Your assignment: Output, word for word, the lines of this listing that fall between the line with "A photo of this" and the line with "Organic Cotton Vintage Slim Jeans", counting both of those lines, and no others.

Data excerpts:
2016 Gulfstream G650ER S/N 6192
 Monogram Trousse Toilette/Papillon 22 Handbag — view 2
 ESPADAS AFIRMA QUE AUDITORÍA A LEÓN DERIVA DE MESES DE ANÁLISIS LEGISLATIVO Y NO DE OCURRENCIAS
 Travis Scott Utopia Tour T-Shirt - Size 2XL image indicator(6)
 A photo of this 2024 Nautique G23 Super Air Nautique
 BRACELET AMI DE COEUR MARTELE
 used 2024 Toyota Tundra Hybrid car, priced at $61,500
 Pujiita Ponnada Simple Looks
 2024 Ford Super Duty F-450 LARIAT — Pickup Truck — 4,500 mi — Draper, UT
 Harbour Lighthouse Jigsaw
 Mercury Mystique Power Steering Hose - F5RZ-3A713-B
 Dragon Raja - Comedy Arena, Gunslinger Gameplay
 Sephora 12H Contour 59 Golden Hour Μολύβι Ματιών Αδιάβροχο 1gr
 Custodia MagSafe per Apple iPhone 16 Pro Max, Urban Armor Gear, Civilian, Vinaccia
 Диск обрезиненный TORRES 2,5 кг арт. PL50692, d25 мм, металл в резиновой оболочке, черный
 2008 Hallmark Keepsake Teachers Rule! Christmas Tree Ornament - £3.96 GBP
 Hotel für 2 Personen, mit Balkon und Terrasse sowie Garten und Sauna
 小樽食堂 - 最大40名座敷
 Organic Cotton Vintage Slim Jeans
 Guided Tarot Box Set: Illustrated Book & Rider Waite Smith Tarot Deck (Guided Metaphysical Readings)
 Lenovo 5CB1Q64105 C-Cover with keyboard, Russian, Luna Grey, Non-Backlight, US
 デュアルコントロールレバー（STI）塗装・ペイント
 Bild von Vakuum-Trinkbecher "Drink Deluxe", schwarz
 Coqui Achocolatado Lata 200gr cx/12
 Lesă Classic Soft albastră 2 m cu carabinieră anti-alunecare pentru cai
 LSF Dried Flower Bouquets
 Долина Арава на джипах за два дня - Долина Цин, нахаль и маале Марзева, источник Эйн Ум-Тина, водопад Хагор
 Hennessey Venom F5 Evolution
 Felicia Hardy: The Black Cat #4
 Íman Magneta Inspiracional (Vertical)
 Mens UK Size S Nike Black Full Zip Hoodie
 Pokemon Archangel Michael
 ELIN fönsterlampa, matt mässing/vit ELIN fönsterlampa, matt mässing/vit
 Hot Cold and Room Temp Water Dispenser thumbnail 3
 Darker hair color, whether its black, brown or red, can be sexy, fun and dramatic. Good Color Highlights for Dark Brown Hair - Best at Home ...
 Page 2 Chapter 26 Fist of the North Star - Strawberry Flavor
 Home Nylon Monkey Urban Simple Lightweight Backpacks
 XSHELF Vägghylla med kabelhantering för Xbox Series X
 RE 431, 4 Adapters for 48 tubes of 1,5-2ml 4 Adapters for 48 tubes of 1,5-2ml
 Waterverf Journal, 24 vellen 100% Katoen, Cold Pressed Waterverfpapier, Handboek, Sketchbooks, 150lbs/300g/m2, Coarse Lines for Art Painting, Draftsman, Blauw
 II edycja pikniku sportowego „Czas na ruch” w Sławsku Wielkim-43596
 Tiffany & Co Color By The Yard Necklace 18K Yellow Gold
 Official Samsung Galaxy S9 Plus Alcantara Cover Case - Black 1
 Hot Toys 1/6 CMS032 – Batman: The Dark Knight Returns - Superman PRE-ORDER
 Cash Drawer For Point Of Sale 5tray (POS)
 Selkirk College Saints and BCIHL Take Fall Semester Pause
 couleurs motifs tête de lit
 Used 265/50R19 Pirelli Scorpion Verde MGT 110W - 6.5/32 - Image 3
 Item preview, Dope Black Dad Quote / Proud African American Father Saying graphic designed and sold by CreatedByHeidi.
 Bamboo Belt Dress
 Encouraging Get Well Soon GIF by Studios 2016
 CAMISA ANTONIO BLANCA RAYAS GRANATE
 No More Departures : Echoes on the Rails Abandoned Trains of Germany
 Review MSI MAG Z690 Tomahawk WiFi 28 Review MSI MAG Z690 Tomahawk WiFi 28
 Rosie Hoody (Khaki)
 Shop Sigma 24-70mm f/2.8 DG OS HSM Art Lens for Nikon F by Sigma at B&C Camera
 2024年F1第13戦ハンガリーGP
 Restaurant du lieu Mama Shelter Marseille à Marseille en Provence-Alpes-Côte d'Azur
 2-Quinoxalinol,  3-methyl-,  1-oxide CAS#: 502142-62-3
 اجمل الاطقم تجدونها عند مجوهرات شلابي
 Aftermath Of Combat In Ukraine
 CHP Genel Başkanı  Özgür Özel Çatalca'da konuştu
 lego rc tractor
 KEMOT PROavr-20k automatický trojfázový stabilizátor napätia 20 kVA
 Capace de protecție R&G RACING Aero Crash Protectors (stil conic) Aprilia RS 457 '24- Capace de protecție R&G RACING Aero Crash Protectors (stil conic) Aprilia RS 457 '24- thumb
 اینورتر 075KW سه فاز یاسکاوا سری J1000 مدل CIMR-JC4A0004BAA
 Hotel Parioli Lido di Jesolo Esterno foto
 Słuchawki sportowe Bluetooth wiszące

Task solution:
 A photo of this 2024 Nautique G23 Super Air Nautique
 BRACELET AMI DE COEUR MARTELE
 used 2024 Toyota Tundra Hybrid car, priced at $61,500
 Pujiita Ponnada Simple Looks
 2024 Ford Super Duty F-450 LARIAT — Pickup Truck — 4,500 mi — Draper, UT
 Harbour Lighthouse Jigsaw
 Mercury Mystique Power Steering Hose - F5RZ-3A713-B
 Dragon Raja - Comedy Arena, Gunslinger Gameplay
 Sephora 12H Contour 59 Golden Hour Μολύβι Ματιών Αδιάβροχο 1gr
 Custodia MagSafe per Apple iPhone 16 Pro Max, Urban Armor Gear, Civilian, Vinaccia
 Диск обрезиненный TORRES 2,5 кг арт. PL50692, d25 мм, металл в резиновой оболочке, черный
 2008 Hallmark Keepsake Teachers Rule! Christmas Tree Ornament - £3.96 GBP
 Hotel für 2 Personen, mit Balkon und Terrasse sowie Garten und Sauna
 小樽食堂 - 最大40名座敷
 Organic Cotton Vintage Slim Jeans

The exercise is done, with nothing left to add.